Part of what makes crime fiction so entertaining is that readers like to feel involved in the crime-solving. Though it is fictitious, the story should read as authentic and plausible. This keeps the readers focusing on the story, rather than dismissing the story.Now let’s take a look at some examples of significant crime fiction novels.
The Rector of Veilbye
In 1829, the first known crime novel was written by Denmark’s Steen Steensen Blicher. The Rector of Veilbye is based on a famous Danish murder that had occurred 200 years prior.
Told through diary entries of the detective, who was in this case the village’s judge, it follows the mystery of the death of the rector’s servant. The servant’s brother forces the judge to solve the murder, all the while the judge never realizes that the brother is really out for bloody revenge.
Murder on the Orient Express
Agatha Christie is notorious in the crime fiction world for her 66 detective stories. In fact, she is even in the Guinness Book of World Records for best-selling author of all time. Murder on the Orient Express (1934) is a novel about one of Christie’s most famous fictional detectives, Hercule Poirot. Poirot is on the Orient Express heading back to London, when he is approached by a man claiming to have his life threatened. After the private detective refuses to help, the man is found dead, and the train staff begs Poirot to solve the murder before they arrive in London.

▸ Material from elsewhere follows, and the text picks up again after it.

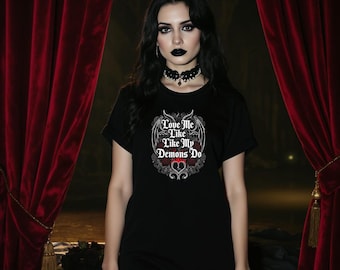 Op de afbeelding: Zwart T-shirt met de tekst "Love Me Like My Demons Do" in een gotische stijl. Het ontwerp heeft een hart- en vleugelmotief. Het model draagt een zwarte choker en visnetkousen.
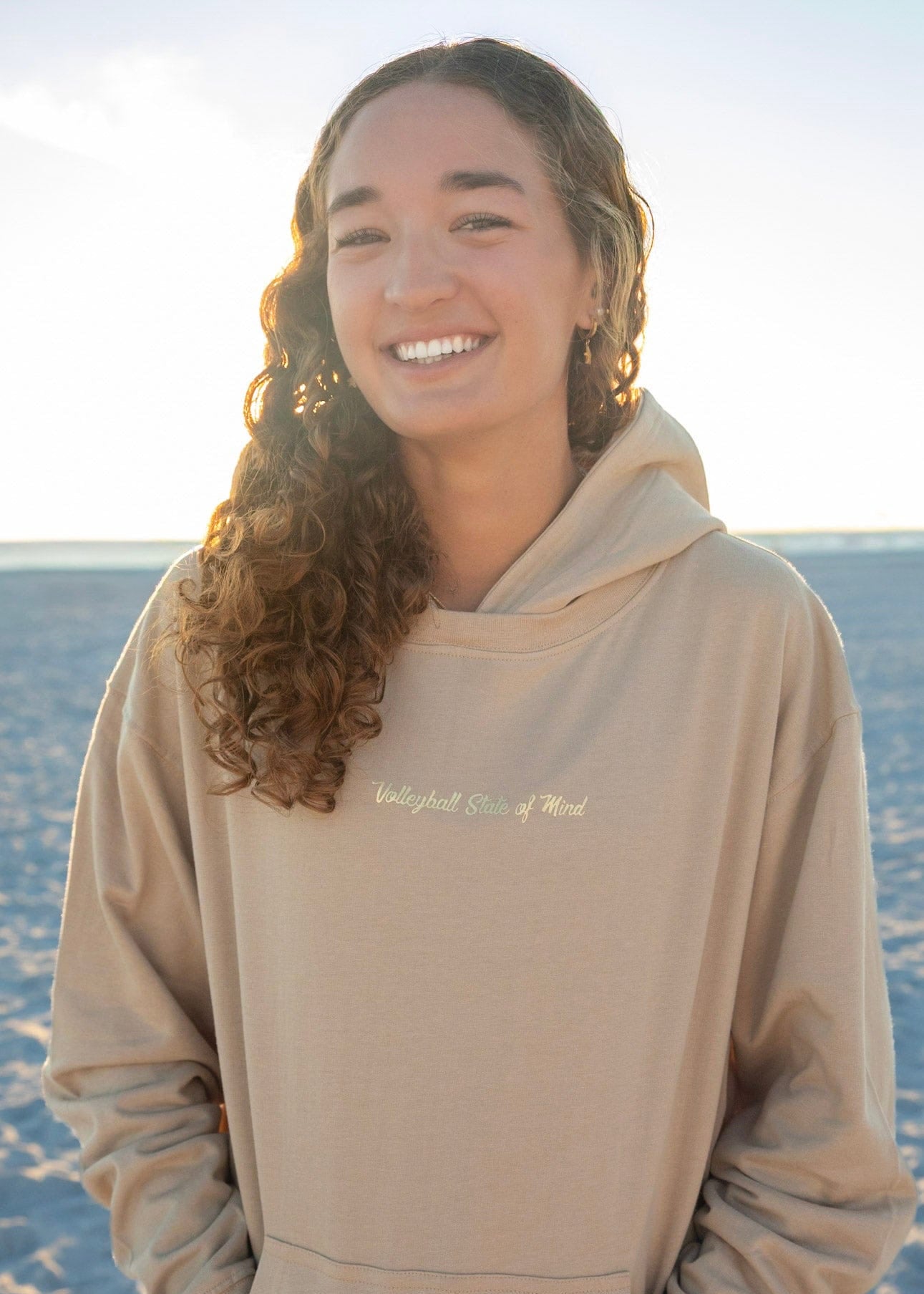 Woman wearing a beige hoodie with text on it, standing on a beach.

The only problem is, the dead man is not who he seems to be.
The Girl with the Dragon Tattoo
More recently is the crime novel series by Stieg Larsson. This might seem familiar because it was recently adapted into a movie. The Girl with the Dragon Tattoo, published in English in 2008, was the first of the series set in Sweden.
Though the story’s crime takes place in 1966, the story itself begins years later. Henrik’s granddaughter disappeared all those years ago, and no one ever found out what happened. He solicits the help of Mikael, a big time publisher who is about to go to jail for libel, and offers to help him if Mikael can solve the mystery of the granddaughter’s disappearance.
However, when Mikael moves to the isolated island on which Henrik and his family still live, Mikael realizes he has gotten in too deep. He recruits Lisbeth, a strange and very intelligent hacker, and the two unearth more darkness than they could ever expect.
Significant Crime Novels
If you’re interested in reading other crime novels, here is a list of some that are noteworthy:
- Tales of Mystery ; Imagination by Edgar Allan Poe (1852)
- The Maltese Falcon by Dashiell Hammett (1929)
- The Complete Sherlock Holmes by Arthur Conan Doyle (1887-1927)
- The Talented Mr. Ripley by Patricia Highsmith (1955)
- The Collector by John Fowles (1963)
- Mr. Mercedes by Stephen King (2014)
Crime fiction is a literary genre that novelizes the mystery of crime and crime-solving.
Its popularity stems from the careful unfolding of a mystery, and it appeals to readers who like to try solving the crime themselves. Crime fiction has been around since the early 19th century, but it has grown immensely, forcing it to divide into many subgenres like whodunit, legal thriller, and inverted detective fiction.Though there are many different types, all crime fiction has certain elements in common: a significant crime so that readers will care, a hero to solve the crime, suspects to the keep the readers in suspense, a worthy criminal to battle wits with the hero, and a realistic story to make the crime and crime-solving seem authentic. Authors like Steen Steensen Blicher, Agatha Christie, and Stieg Larsson have added thrilling stories to the genre, but there are countless others, and the list is only growing!